Agence France-Presse/Getty ImagesNow, investors are having a similar conversation: Which platform offers them a better value for their money?
Based on IPO price versus pre-IPO price, Twitter Inc. is taking a more-conservative approach to pricing than Facebook Inc. did. But by some measures, Twitter is being pitched to investors at a price that may make it appear more expensive than Facebook stock is right now.
The microblogging company has proposed an initial public offering price below where some investors already own the stock, and below where the company earlier this year pegged its own value.
Twitter's initial pricing range, $17 to $20 a share, sits just below where Twitter said it was valued in early September: $20.62 a share, based on private market transactions, the company said in its IPO filing.

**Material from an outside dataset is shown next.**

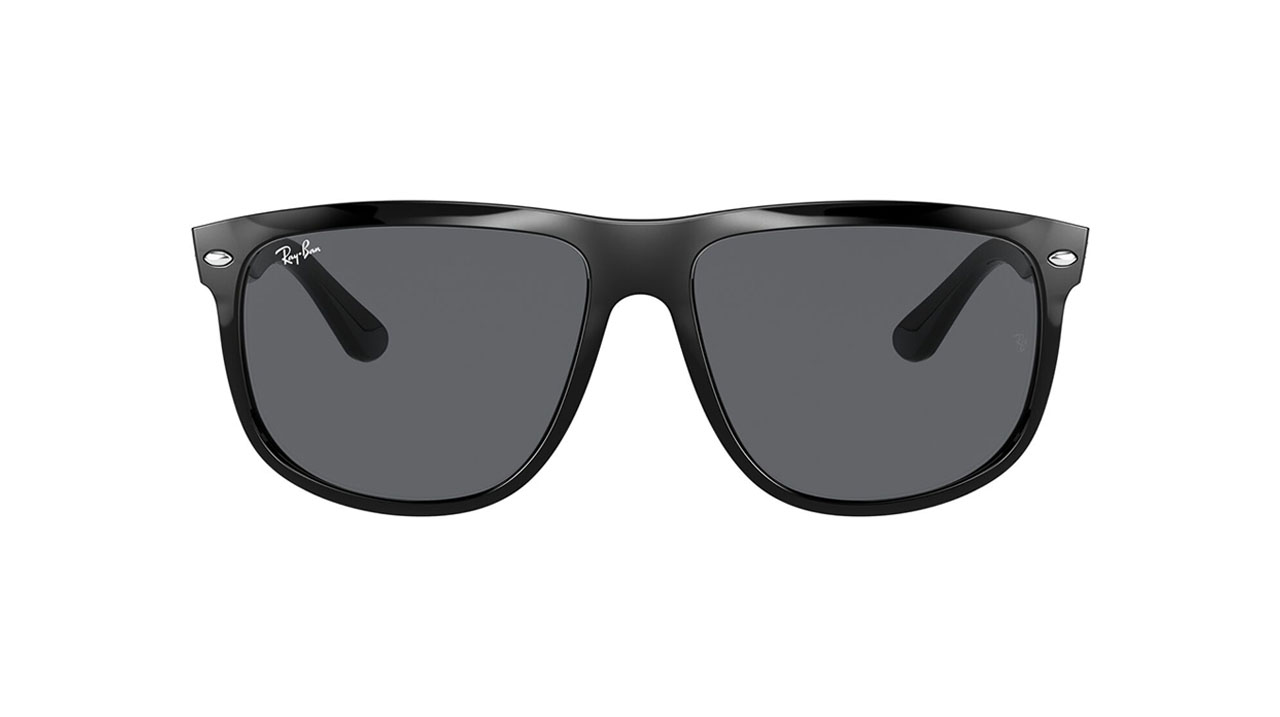 Paire de lunettes de soleil Ray-ban Rb4147 couleur noir - Doyle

It also sits below the levels at which some mutual funds marked their pre-IPO Twitter investments as of Sept. 30, at as much as $24.37 per share, according to public documents.
In contrast, the upper end of Facebook Inc.'s initial IPO price range in May 2012 was well above its pre-IPO peg of its valuation.
Facebook set its initial IPO price range from $28 to $35 per share. The company had valued itself at $30.73 a share in January 2012. Facebook eventually priced its IPO at $38.
Using another measure for Twitter’s size, enterprise value, it is being pitched to investors at a valuation cheaper than where Facebook trades. Enterprise value represents a stock market capitalization minus a company's cash, plus its outstanding debt.
Measuring enterprise value against last-twelve-month sales puts Twitter at a discount of about 17% to Facebook, according to Rett Wallace, chief executive of Triton Research, a private-company research firm in New York.
But different assumptions about how to assess value can change the view of what's cheaper, observers said.
Brian Hamilton, chairman of Sageworks Inc., a private company data provider, looked at a measure of stock-market value to last year’s sales, which uses the company's market capitalization without adjusting for cash. Cash can help many young tech companies appear to be cheaper, because they tend to have lots of cash relative to their market cap.
By that measure, Twitter appears to be going public at a 38% premium valuation to where Facebook stands now, he said.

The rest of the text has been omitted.